Description of the task: Pictures do not belong in the copy. Output exactly the lines from the one containing "Femme Cylindre Avec" to the end of the listing below.
Start of Exercise data
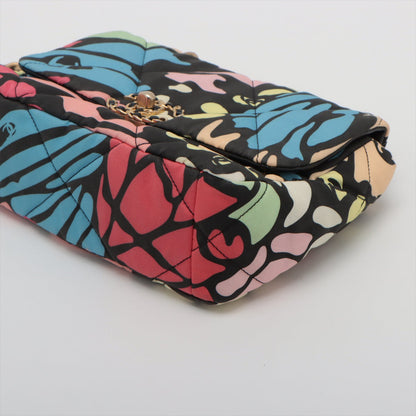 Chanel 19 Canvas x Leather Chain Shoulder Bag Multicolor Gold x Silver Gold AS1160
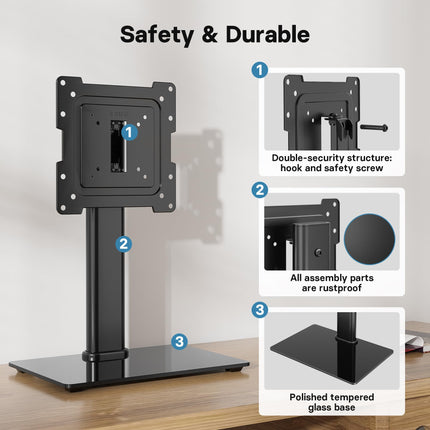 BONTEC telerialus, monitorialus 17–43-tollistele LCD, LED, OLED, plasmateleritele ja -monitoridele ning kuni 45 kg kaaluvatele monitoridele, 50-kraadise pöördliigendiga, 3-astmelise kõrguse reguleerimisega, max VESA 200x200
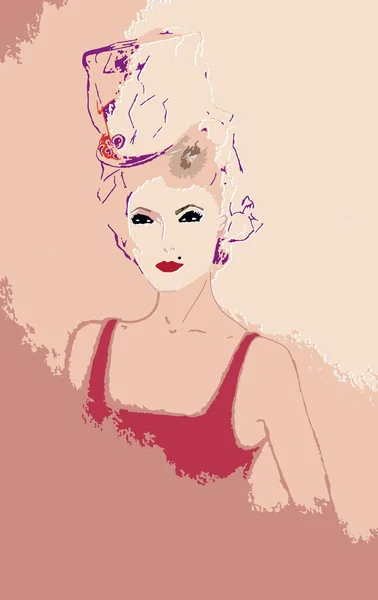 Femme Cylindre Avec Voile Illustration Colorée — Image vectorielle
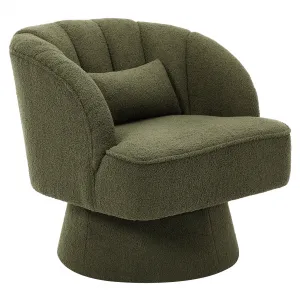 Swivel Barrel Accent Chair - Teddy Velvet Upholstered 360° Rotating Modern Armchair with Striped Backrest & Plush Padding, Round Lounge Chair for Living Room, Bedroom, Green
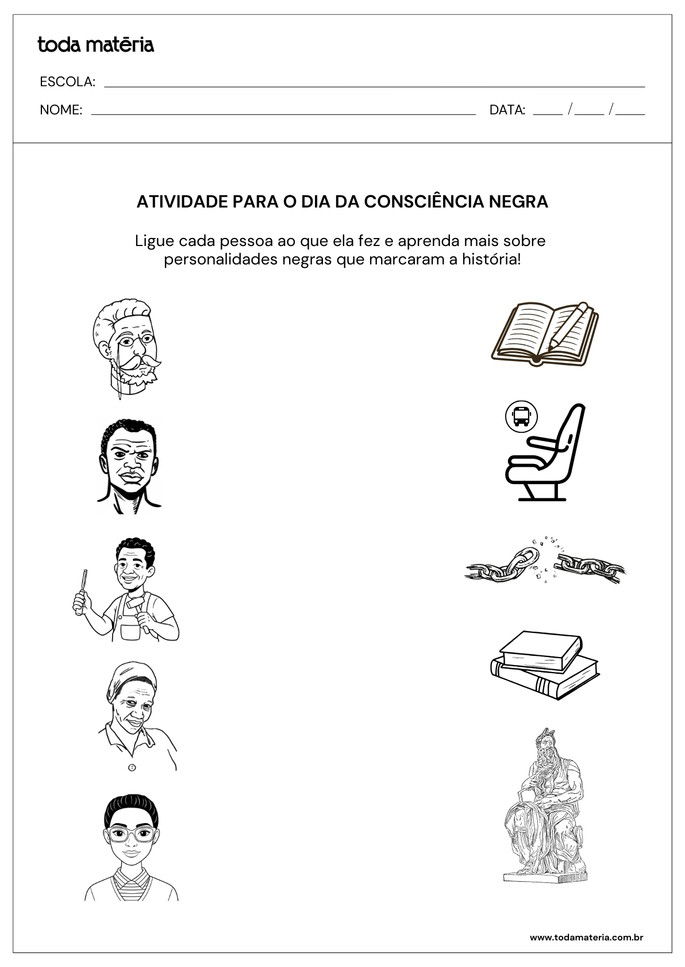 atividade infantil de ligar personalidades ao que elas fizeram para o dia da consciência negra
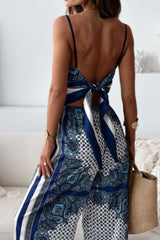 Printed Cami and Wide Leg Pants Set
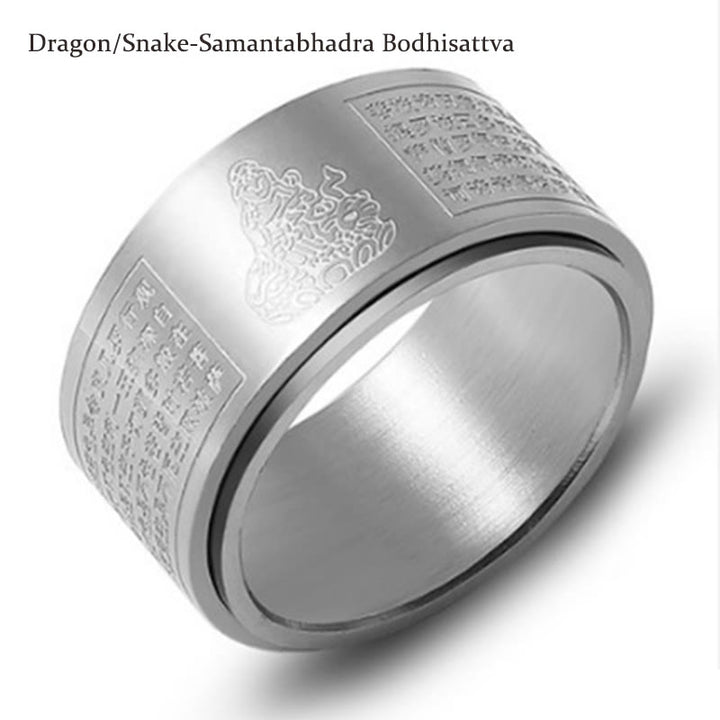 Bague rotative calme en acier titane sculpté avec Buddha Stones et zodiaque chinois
End of Exercise data
Output of the exercise:
 Femme Cylindre Avec Voile Illustration Colorée — Image vectorielle
 Swivel Barrel Accent Chair - Teddy Velvet Upholstered 360° Rotating Modern Armchair with Striped Backrest & Plush Padding, Round Lounge Chair for Living Room, Bedroom, Green
 atividade infantil de ligar personalidades ao que elas fizeram para o dia da consciência negra
 Printed Cami and Wide Leg Pants Set
 Bague rotative calme en acier titane sculpté avec Buddha Stones et zodiaque chinois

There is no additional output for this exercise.